Friday, July 22, 2011

The Big Parade: A War Film to End All War Films?

The other night, I treated myself to a screening at the Academy of Motion Picture Arts and Sciences. Right now the Academy is featuring silent films, and as always it is generous in giving patrons their money’s worth. The evening kicked off with a real rarity, the family comedy short “Brownie’s Little Venus,” starring a moppet called Baby Peggy and an extraordinarily well-trained pooch. (Baby Peggy, now known as Diana Serra Cary, was in attendance: she’s over ninety, still charming, still feisty. Brownie, alas, has gone to that big dog house in the sky.)

But it was the main attraction I was there to see. The Big Parade (1925) is King Vidor’s take on the War to End All Wars. It was introduced by silent film historian Kevin Brownlow, who told us that the war movie clichés we know all too well were brand-new ideas when The Big Parade was shot. I believe he was talking about the comrades-in-arms whose differences in social background don’t keep them from bonding; the dramatic shots of long columns of marching men; the brief moment of communion between two soldiers on opposite sides of the fray; a GI desperately searching for the buddy who’s beyond help.

Though The Big Parade is saddled with a romantic story that makes for a sappy ending, I found its battlefield scenes remarkably fresh. What surprised me most of all was the film’s fundamentally anti-war attitude. Less than a decade after the American side emerged victorious over Germany and its allies, Vidor’s cast brings home to the viewer the horrors of armed conflict. True, in the film’s early scenes, the United States’ entry into World War I is treated as an exciting adventure. Leading man John Gilbert starts out as an idle rich boy who enlists because his fiancée thinks he’ll look handsome in a uniform, and because a patriotic parade down Main Street stirs his blood. But the film’s second half makes clear that war means dirt and pain and death. For me, Gilbert’s most memorable speech comes in the thick of battle, when he says (on title-cards, of course), “What the hell do we get out of this war anyway! Cheers when we left and when we get back! But who the hell cares . . . after this?
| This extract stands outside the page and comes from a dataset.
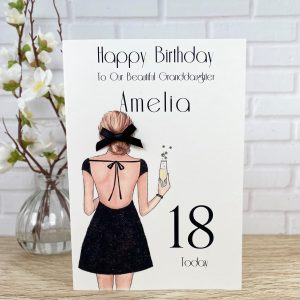 Handmade Birthday Card That Little Black Dress A5 Card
I found this approach striking because Hollywood’s later World War II films (such as Sands of Iwo Jima) were traditionally dominated by actors like John Wayne, men who made self-sacrifice in battle seem glorious. Though Wayne himself never served in the military, his brand of on-screen patriotism made a deep impression on the men of his era, and on their sons too. A young man named Ron from Massapequa, New York grew up at the movies, watching war films and sobbing when the Marine Hymn came on the soundtrack. Later he wrote, “I loved the song so much, and every time I heard it I would think of John Wayne and the brave men who raised the flag on Iwo Jima that day.” Ron's passion for Wayne helped propel him into the Marine Corps right out high school, in 1964. That’s when Ron Kovic discovered that war is not beautiful. He returned from Vietnam paralyzed from the chest down, and later wrote, “I gave my dead dick for John Wayne . . . .”

Ron Kovic's memoir, a powerful one, is called Born on the Fourth of July. In 1989, it was made into a movie.


  1. Another fascinating, if overly somber piece, Beverly. I was just thinking about BORN ON THE FOURTH OF JULY a couple of days ago. I revisited CASUALTIES OF WAR and PLATOON and realized BORN was one of, if the only Vietnam themed film from the 80s I hadn't yet seen. I'll make a note to look for that memoir, too.

  2. Ron Kovic's book is well worth reading for its movie references, as is a fascinating book by David Harris, entitled "Our War: What We Did in Vietnam and What It Did to Us." You may remember Harris as the leader of the draft resistance movement and the former husband of Joan Baez. He went to prison rather than shipping out to Vietnam. He's an excellent writer, and a practicing Buddhist. He and I talked movies at some length a few years back -- his love for the film "Bonnie and Clyde" is a story in itself.

  3. Mr. Harris and I share that love for Bonnie and Clyde.